Toro’s program has a few loyal followers. J&J, E.I. du Pont de Nemours and Company, Georgia-Pacific Corporation, and General Electric Company have adopted settlement-friendly litigation programs, that are, in part, based on the Toro model. According to Elpidio “P.D.” Villarreal, GE’s counsel of litigation and litigation policy, “A company that’s still pushing everything to trial is suffering from a serious lack of imagination. Litigation heads stuck in that mind-set should be ashamed of themselves.”
But given that Toro’s program has been around long enough to show significant cost savings, why haven’t more companies, especially Toro’s competitors, adopted a mass settlement strategy? Toro’s rivals refuse to disclose similar per-case statistics, which makes it difficult to compare the company’s program with more litigious approaches. But lawyers at other equipment manufacturers offer a variety of reasons, some logistical, others more philosophical, as to why they haven’t adopted Toro’s approach. They say that, as a practical matter, such a strategy wouldn’t work because most of their cases involve many defendants with complex fact patterns. For instance, when Cummins, Inc., a Columbus, Indiana ?based engine manufacturer, gets sued over an alleged malfunction, “we often see a whole slew of codefendants and a whole bunch of finger-pointing,” says Marya Rose, the company’s general counsel. “You can’t just run out and settle.”
Other chief legal officers simply don’t want to be seen as an easy mark for plaintiffs and their lawyers ?and insist on backing up their products, whatever the cost. “If you make products that you feel are well made and safe, your instinct is to stand behind them when others attack them,” says James Buda, the general counsel at Peoria, Illinois ?based Caterpillar Inc.
Toro’s Byers scoffs at the idea that an aggressive settlement policy creates a “soft target” for enterprising plaintiffs lawyers. He says that from 1986 to 1991, the five years prior to the start of its settlement approach, Toro received 640 injury-related claims. From 1991 to 1996 and from 1996 to 2001, that number actually declined, to 536 and 404, respectively. “Look, you can stand on principle all you want, but we’ve saved millions handling claims this way,” says Byers.

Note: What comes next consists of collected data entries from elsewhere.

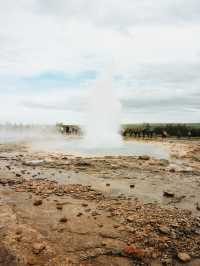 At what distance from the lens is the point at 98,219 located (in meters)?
7.72

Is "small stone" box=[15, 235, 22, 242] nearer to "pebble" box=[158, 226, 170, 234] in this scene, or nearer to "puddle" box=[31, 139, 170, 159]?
"pebble" box=[158, 226, 170, 234]

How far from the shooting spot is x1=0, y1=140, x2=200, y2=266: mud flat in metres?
5.78

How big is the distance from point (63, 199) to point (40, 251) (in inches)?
151

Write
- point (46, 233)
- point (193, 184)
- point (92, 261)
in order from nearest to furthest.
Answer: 1. point (92, 261)
2. point (46, 233)
3. point (193, 184)

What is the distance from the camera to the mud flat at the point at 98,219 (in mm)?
5781

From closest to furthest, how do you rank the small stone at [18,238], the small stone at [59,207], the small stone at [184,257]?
the small stone at [184,257] < the small stone at [18,238] < the small stone at [59,207]

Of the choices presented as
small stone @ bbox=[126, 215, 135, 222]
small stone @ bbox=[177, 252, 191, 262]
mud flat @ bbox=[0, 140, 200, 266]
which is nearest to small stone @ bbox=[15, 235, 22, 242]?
mud flat @ bbox=[0, 140, 200, 266]

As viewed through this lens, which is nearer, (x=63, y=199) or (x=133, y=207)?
(x=133, y=207)

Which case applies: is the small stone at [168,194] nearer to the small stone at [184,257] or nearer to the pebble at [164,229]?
the pebble at [164,229]

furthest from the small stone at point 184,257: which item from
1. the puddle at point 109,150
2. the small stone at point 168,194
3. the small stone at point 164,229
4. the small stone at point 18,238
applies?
the puddle at point 109,150

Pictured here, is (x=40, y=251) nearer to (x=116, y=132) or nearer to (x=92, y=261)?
(x=92, y=261)

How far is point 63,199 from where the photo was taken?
9.66 meters

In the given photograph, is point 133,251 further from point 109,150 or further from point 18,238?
point 109,150

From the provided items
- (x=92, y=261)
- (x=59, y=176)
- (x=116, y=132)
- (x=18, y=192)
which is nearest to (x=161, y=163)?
(x=59, y=176) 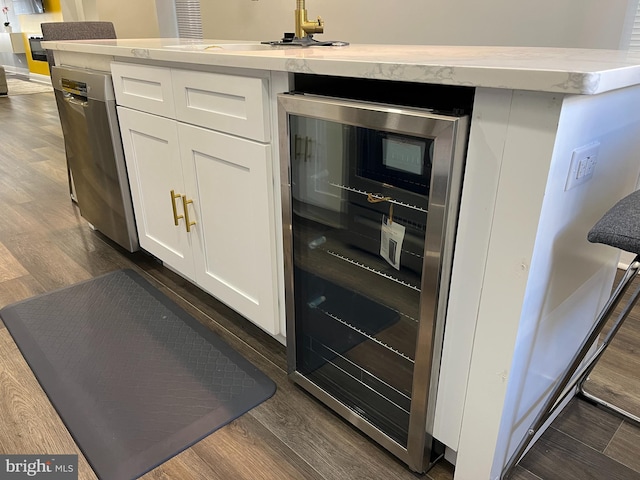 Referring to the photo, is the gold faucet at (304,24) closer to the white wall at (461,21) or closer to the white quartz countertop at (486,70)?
the white quartz countertop at (486,70)

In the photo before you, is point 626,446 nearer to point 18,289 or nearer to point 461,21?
point 461,21

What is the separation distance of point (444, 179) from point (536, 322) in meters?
0.38

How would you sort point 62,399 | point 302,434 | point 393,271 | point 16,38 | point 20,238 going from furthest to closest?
point 16,38
point 20,238
point 62,399
point 302,434
point 393,271

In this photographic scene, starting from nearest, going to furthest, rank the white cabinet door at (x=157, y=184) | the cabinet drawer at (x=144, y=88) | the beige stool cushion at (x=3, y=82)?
the cabinet drawer at (x=144, y=88), the white cabinet door at (x=157, y=184), the beige stool cushion at (x=3, y=82)

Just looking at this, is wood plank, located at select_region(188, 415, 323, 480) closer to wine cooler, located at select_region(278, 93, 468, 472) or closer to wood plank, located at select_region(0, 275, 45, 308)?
wine cooler, located at select_region(278, 93, 468, 472)

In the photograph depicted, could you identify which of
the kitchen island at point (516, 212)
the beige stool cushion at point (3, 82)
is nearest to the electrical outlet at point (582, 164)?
the kitchen island at point (516, 212)

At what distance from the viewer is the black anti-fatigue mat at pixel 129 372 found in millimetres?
1354

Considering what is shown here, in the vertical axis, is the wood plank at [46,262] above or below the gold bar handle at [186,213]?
below

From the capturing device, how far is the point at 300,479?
123 centimetres

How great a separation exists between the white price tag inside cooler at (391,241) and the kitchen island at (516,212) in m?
0.18

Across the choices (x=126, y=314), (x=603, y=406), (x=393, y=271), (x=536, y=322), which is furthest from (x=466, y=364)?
(x=126, y=314)

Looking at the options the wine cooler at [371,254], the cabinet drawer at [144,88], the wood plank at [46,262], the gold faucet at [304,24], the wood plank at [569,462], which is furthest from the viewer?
the wood plank at [46,262]

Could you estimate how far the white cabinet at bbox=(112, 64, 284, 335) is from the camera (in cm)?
141

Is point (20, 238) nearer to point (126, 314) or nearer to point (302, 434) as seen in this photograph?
point (126, 314) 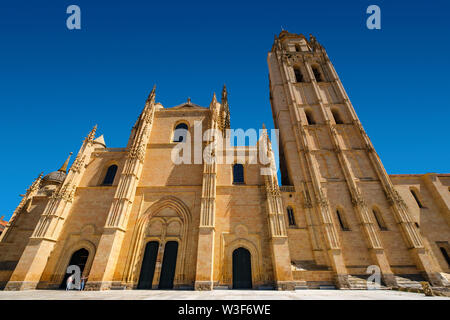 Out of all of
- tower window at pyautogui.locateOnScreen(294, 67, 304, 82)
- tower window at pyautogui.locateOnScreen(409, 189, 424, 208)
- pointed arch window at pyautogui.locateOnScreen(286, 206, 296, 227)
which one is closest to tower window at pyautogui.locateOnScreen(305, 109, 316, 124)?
tower window at pyautogui.locateOnScreen(294, 67, 304, 82)

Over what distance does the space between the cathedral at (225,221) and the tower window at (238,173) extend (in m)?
0.09

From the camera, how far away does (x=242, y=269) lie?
1327 cm

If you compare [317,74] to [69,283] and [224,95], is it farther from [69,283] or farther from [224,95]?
[69,283]

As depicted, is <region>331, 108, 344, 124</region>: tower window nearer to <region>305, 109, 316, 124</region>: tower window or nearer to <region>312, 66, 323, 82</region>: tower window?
<region>305, 109, 316, 124</region>: tower window

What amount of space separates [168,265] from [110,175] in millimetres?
9239

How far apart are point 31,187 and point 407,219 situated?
3195 cm

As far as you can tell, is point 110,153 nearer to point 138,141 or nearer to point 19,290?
point 138,141

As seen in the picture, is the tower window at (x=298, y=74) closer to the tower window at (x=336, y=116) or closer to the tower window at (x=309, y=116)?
the tower window at (x=309, y=116)

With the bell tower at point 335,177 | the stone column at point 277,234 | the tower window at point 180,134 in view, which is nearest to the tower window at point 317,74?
the bell tower at point 335,177

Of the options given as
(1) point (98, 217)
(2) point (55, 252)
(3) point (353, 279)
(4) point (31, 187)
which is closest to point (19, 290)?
(2) point (55, 252)

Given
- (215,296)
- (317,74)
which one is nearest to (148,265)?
(215,296)

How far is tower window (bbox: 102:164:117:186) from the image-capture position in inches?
658

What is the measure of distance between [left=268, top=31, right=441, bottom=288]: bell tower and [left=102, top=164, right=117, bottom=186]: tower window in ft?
51.9

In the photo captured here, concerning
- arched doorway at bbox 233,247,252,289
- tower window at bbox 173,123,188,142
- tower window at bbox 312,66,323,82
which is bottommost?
arched doorway at bbox 233,247,252,289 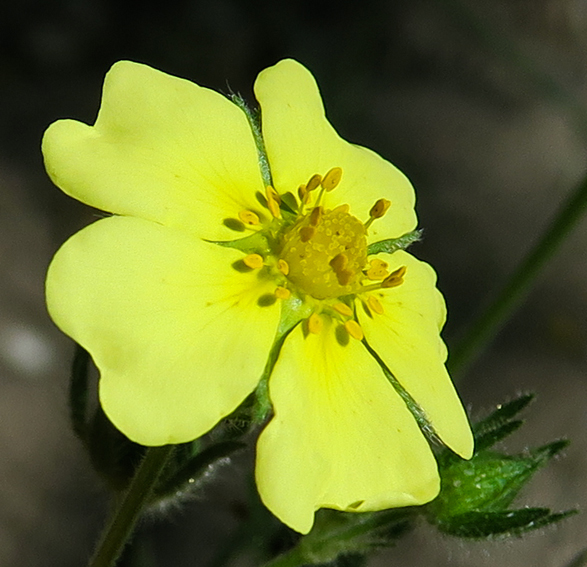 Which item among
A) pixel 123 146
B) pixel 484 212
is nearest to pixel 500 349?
pixel 484 212

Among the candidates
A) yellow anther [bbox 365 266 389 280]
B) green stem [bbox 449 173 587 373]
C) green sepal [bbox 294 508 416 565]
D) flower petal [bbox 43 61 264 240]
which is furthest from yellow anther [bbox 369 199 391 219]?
green stem [bbox 449 173 587 373]

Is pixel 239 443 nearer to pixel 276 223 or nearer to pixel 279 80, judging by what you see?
pixel 276 223

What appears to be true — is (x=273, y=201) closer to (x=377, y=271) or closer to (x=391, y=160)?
(x=377, y=271)

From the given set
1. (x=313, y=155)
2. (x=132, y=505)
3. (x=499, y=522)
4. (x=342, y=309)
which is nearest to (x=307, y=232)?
(x=342, y=309)

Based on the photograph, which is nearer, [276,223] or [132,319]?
[132,319]

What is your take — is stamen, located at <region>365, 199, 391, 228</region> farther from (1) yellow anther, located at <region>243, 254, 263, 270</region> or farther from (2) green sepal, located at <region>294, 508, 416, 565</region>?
(2) green sepal, located at <region>294, 508, 416, 565</region>

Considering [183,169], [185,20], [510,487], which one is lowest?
[185,20]

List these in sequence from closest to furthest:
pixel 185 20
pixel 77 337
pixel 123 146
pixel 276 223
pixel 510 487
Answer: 1. pixel 77 337
2. pixel 123 146
3. pixel 276 223
4. pixel 510 487
5. pixel 185 20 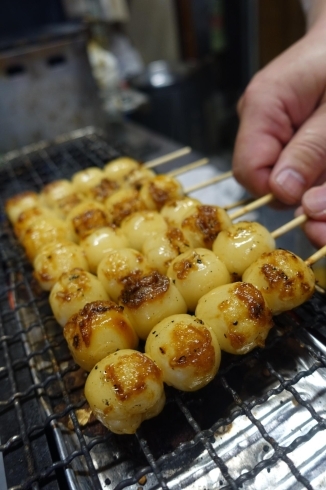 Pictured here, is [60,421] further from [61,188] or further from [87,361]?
[61,188]

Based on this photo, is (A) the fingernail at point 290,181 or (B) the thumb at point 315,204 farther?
(A) the fingernail at point 290,181

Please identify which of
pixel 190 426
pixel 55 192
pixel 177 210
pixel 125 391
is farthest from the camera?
pixel 55 192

Still, some observers worry about the ethical implications of meeting with victims before they have lawyers, especially in the aftermath of a disfiguring accident. “I can’t imagine that the plaintiffs are truly getting what they deserve,” says Laura Nader, a professor of law and anthropology at the University of California, Berkeley.
Nader, who has written scholarly articles on the unfairness that can result when parties settle disputes, says, “The [Toro] plaintiffs are giving up one of their most fundamental rights ?the right to our court system.” But Stephen Gillers, a legal ethics expert at New York University School of Law, retorts, “These plaintiffs are free to walk away at any time; they’re not getting [coerced] into anything.”